Paint 3D handles text differently from classic Paint and there are a few things worth knowing about how the text tool works and what its limitations are.
Adding text in Paint 3D
- Open Paint 3D and open your image or canvas
- In the top toolbar, click the Text icon (looks like a capital A)
- On the right sidebar, choose between 2D text and 3D text
- Click anywhere on the canvas to place a text box
- Type your text
- Use the sidebar options to change font, size, color, bold, italic, and alignment
- Click outside the text box or press Escape when done
2D text vs 3D text
2D text behaves like standard text – flat on the canvas, like what you’d expect from a basic image editor. Use this for captions, labels, or annotations.
3D text creates text as a 3D object that can be rotated, resized in 3D space, and given a material/color. It’s more visually interesting but harder to position precisely and isn’t appropriate for all use cases.
Editing existing text
This is where Paint 3D’s limitation becomes apparent. Once you’ve clicked away from a text box and it’s been rasterized into the canvas (flattened into the image), you cannot edit that text. It becomes pixels, not editable text.
If you want to edit text later, use the History/Undo (Ctrl+Z) to go back before the text was committed. There’s no way to re-select and edit already-committed text.
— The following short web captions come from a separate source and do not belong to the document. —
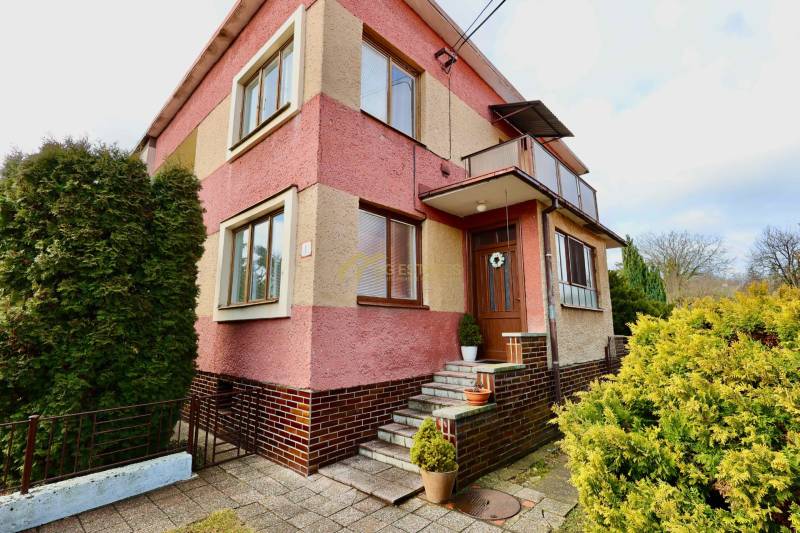 Családi ház lépcsőházzal és kerttel a Michalovce-i Kalinčiakova utcában.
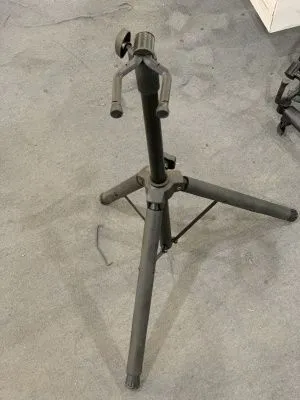 158008
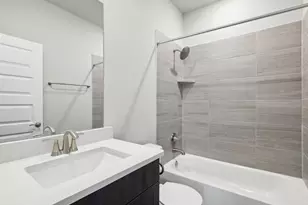 719 Universal Dr, Hutto, TX 78634 - Photo 10
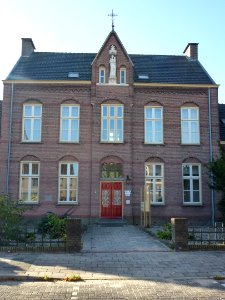 Weurt (Beuningen Gld) klooster Past.v.d.Marckstraat 14 centrale gevel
The workaround: Keep text on a separate layer if you need to edit it later. Paint 3D supports layers (Canvas menu > Layers panel). Place text on its own layer and don’t flatten until you’re finished editing.
Changing text color
In the text sidebar, there’s a color swatch. Click it to open the color picker. You can use standard colors, enter a hex code for precise color matching, or use the eyedropper to match a color from the canvas.
Limitations vs other tools
Paint 3D’s text tool is functional but limited compared to dedicated image editors. For precise text placement, font control, or non-destructive text layers, GIMP (free) or Canva (web-based, free tier) are better options. For documents or presentations, Word or PowerPoint handle text far more flexibly.